AIM OF THE EXERCISE - Below this line are records; transcribe exactly the lines between the one holding "Alcohol Fridge, Beachy" and the one holding "Sieges E5 #71", inclusive, and omit the pictures.
───── INFORMATION ─────
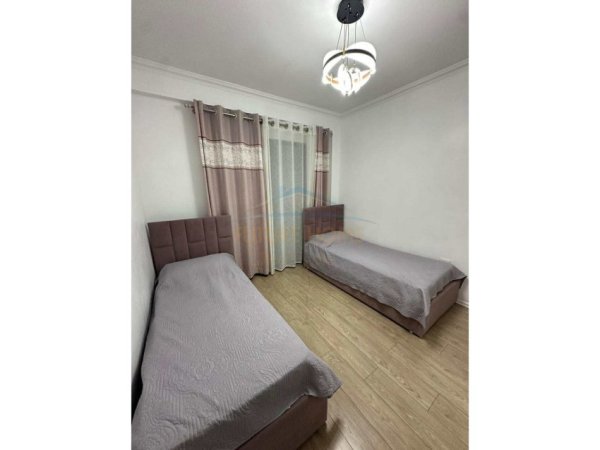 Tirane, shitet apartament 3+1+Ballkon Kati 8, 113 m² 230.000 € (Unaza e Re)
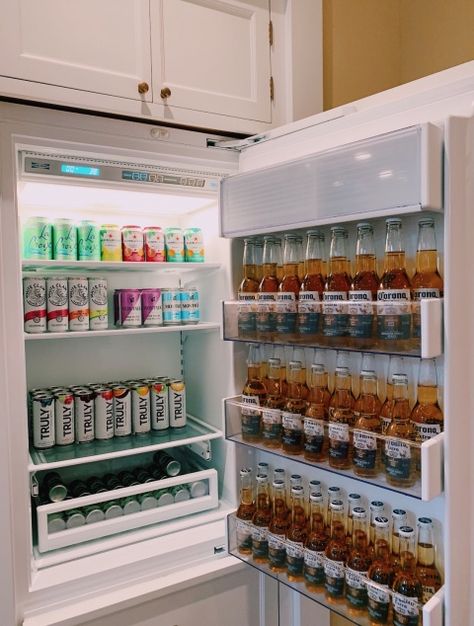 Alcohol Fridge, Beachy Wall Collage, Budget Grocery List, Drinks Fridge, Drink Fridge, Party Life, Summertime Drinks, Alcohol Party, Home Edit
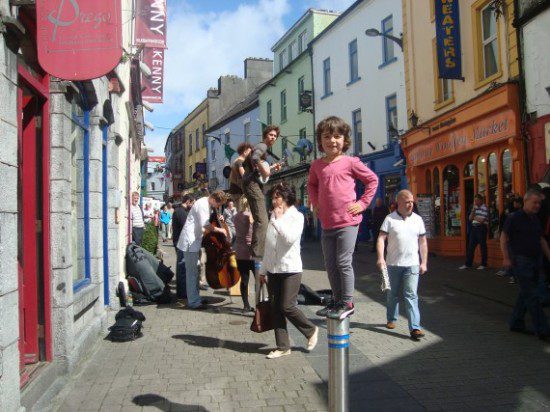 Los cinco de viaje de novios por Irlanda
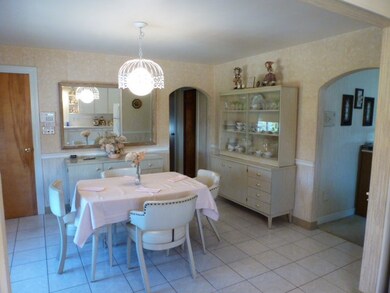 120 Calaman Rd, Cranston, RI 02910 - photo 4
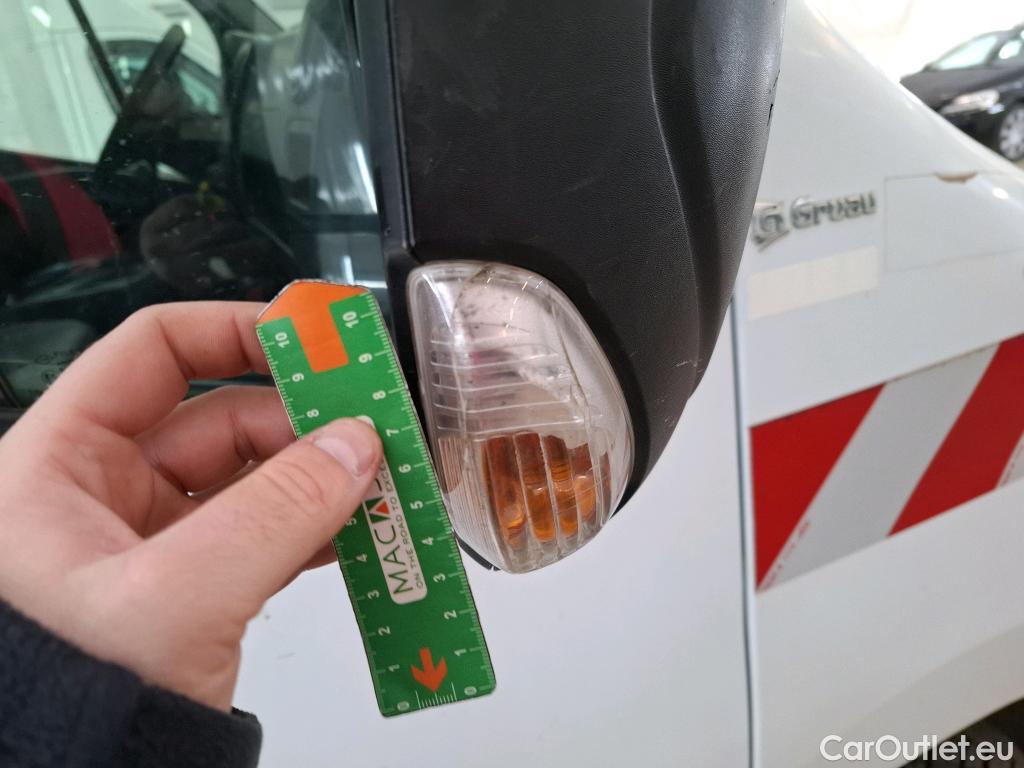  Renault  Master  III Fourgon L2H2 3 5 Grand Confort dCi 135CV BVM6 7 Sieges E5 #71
─────
───── INFORMATION ─────
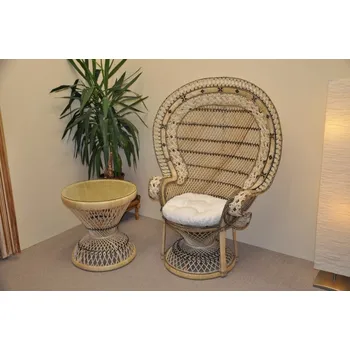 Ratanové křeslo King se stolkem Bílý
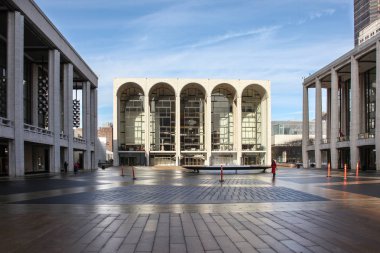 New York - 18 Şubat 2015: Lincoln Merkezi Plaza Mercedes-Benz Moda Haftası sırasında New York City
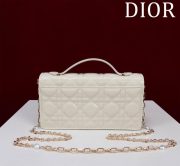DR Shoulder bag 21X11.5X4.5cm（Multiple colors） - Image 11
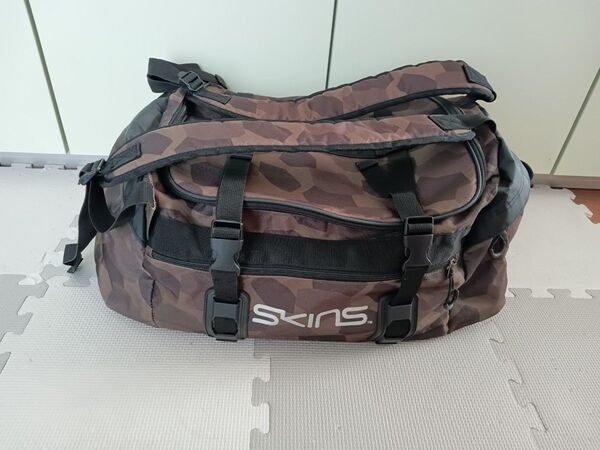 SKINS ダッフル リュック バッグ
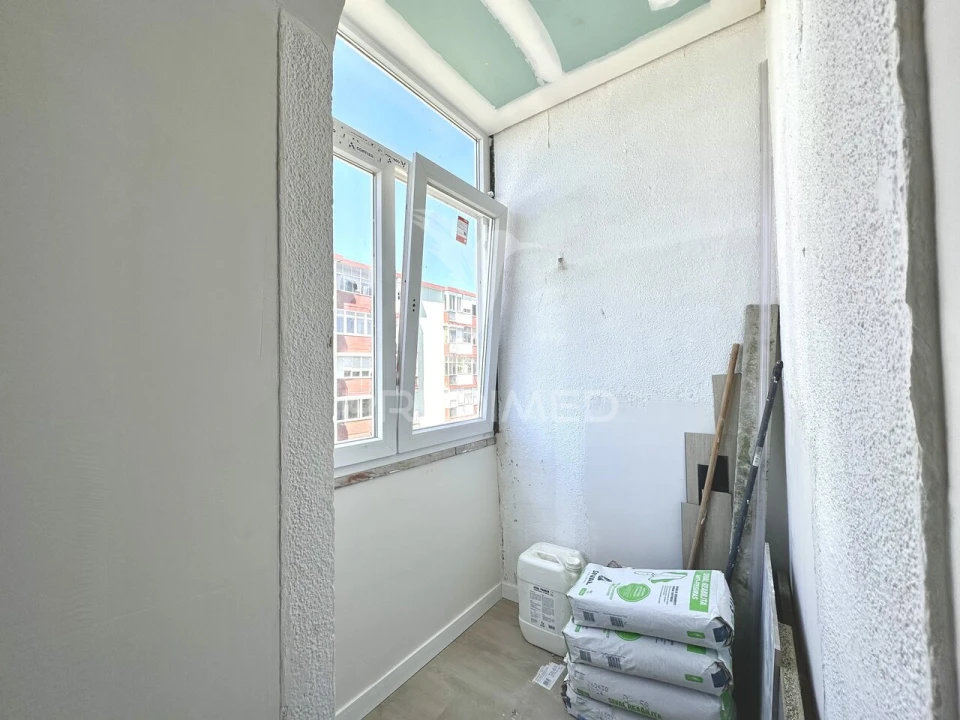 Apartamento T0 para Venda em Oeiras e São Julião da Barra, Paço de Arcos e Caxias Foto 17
─────
───── INFORMATION ─────
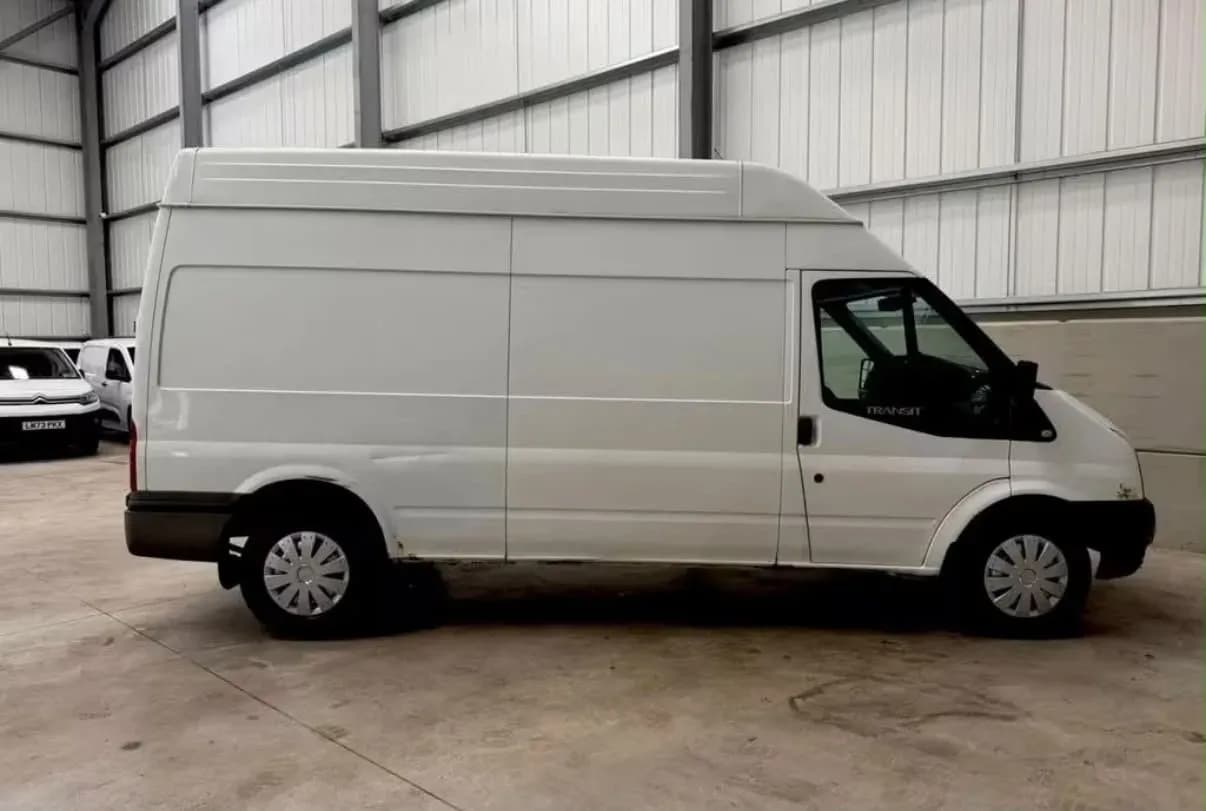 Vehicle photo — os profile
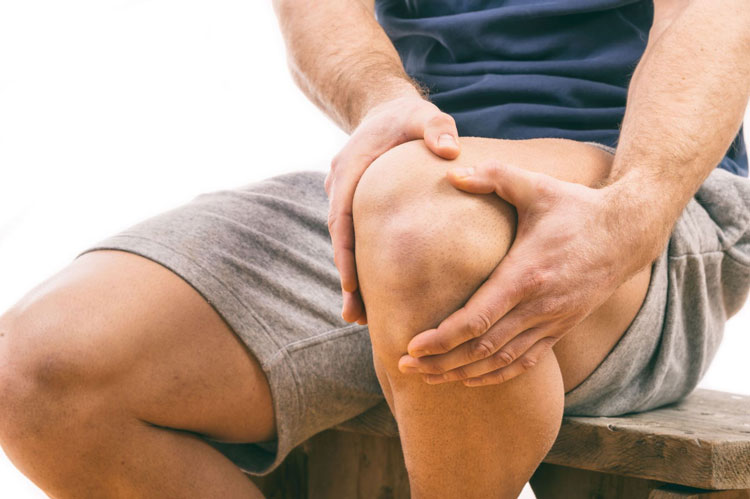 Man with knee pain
─────
SOLUTION FOR THIS EXERCISE -
 Alcohol Fridge, Beachy Wall Collage, Budget Grocery List, Drinks Fridge, Drink Fridge, Party Life, Summertime Drinks, Alcohol Party, Home Edit
 Los cinco de viaje de novios por Irlanda
 120 Calaman Rd, Cranston, RI 02910 - photo 4
  Renault  Master  III Fourgon L2H2 3 5 Grand Confort dCi 135CV BVM6 7 Sieges E5 #71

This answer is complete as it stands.